The defendants allegedly collectively raised at least $1.9 million from at least 30 investors throughout the United States. Unbeknownst to investors, many of whom were members of the Nigerian-American community, Nantomah misused their money by spending at least 80% of it on himself and his other ventures, and not on the promised real estate transactions.
Nantomah held himself out as an “Incredibly Successful Entrepreneur” who amassed a multi-million dollar real estate portfolio after emigrating from Africa to Wisconsin in 2016 “with just $4,700,” to become a “notable and sought after millionaire investor” who serves as a speaker, life coach, mentor, consultant, and philanthropist.
Nantomah made these and similar representations on his website, on social media sites, during presentations to potential investors, and during financial coaching seminars.
Nantomah’s story was misleading.
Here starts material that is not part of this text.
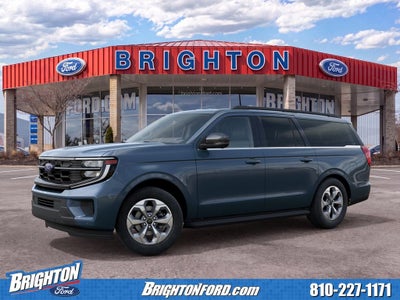 2027 Ford Expedition Max Active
According to Nantomah, he had sufficient assets when he emigrated to America to support himself and his family without needing to work.
Likewise, Nantomah’s claims on his website in 2024 that he owned “real estate assets currently valued at over $23 million,” were also untrue. According to public records searches, during the Relevant Time Period, Nantomah and the entities he controlled—including Defendants Investors Capital, Global Investors Capital, and High Income Performance Partners (together, the “Entity Defendants,”) – owned only 11 properties with a collective value of approximately $1 million.
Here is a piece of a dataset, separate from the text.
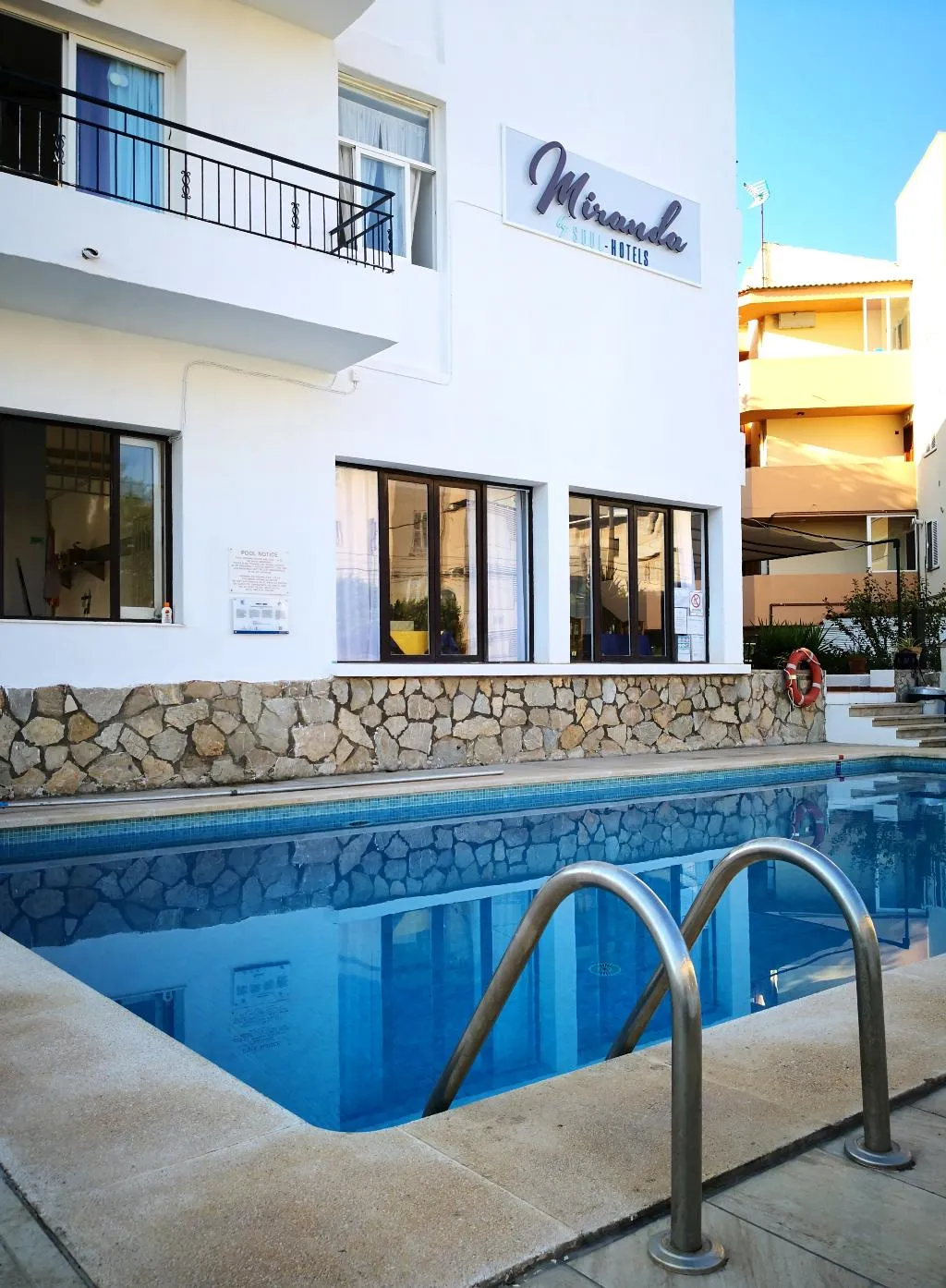 General view, Hotel 4U, Majorca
Nantomah further enticed investors with promises of lucrative returns on investments (or “ROI”) in a year or less. Defendants promised different investors a variety of different ROI, typically in the range of 10% to 30%, but at times higher. Defendants usually promised to make a payment to investors within three to 12 months consisting of the ROI and the return of their principal investment.
Defendants usually entered into written investment agreements with investors making their first investment. The agreements typically stated that the relevant Entity Defendant would provide services including purchasing, fixing, and flipping properties on behalf of investors and “acquiring investment property that befits the investment fund.” Defendants told investors that profits would be generated through Nantomah’s investment of their funds in either a specific property or in unspecified real estate to be purchased, renovated, and sold.
Some investors subsequently entered into verbal agreements with Nantomah and one or more of the Entity Defendants for additional real estate investments, subject to terms similar to the terms of their initial investments.
Regardless of whether the investment agreements were written or verbal, Nantomah told investors that the money they invested was to be used for real estate development projects with repayment of their investment principal and ROI by a specified time.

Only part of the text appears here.